RealClearMarkets: GDP and PCE Tell a Stronger Story Than the Pundits Admit

By Peter Navarro | RealClearMarkets | February 20, 2026

The markets got a twin dose of macro indicators today—GDP growth and PCE inflation—and, almost on cue, much of the commentary missed the signal for the noise. 

Start with growth.

Real GDP in 2025:Q4 came in at 1.4%, well below the 2.8% consensus estimate. The immediate narrative was predictable: the economy is slowing into 2026, momentum is fading, the expansion is rolling over, tariffs are to blame.

That reading is wrong.

According to the Council of Economic Advisers, the topline was artificially depressed by the 43-day Schumer–Jefferies federal shutdown—the longest in U.S. history. CEA estimates the shutdown shaved about 2 percentage points off headline GDP: 1.0 percentage point from federal payrolls, 0.4 percentage points from federal contracts, and 0.7 percentage points from spillover effects, assuming a 1.5 consumption multiplier.

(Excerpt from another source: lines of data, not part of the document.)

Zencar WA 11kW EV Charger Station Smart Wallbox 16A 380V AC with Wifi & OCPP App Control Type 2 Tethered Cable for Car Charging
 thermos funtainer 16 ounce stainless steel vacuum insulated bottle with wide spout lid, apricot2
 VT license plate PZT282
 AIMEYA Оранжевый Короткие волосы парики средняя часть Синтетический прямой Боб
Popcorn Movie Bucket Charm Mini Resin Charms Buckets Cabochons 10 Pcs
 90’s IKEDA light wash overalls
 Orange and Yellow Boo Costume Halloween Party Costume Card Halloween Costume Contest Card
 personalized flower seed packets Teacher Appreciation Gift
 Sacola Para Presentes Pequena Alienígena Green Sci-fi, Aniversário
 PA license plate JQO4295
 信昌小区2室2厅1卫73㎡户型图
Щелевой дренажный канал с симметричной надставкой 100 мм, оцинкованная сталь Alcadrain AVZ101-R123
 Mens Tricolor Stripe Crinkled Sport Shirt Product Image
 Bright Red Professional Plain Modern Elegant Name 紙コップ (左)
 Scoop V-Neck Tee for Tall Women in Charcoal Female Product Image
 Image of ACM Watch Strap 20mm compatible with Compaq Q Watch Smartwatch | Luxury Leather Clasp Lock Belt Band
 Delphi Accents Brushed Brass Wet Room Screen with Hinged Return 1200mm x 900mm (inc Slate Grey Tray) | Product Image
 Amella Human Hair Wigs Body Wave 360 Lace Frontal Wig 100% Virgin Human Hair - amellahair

The BEA’s own accounting shows federal government expenditures subtracted 1.15 percentage points from growth in Q4. Strip that out, and growth would have printed north of 3%—right in line with expectations.

Importantly, much of this hit is mechanical. As furloughed workers return and federal activity normalizes, roughly 1.0 to 1.5 percentage points of growth should bounce back in Q1. But the spillover effects—lost activity, deferred hiring, shelved contracts—are permanent. That lost output to shutdown politics doesn’t reappear on a future balance sheet.

Look beneath the hood and the private sector story is solid.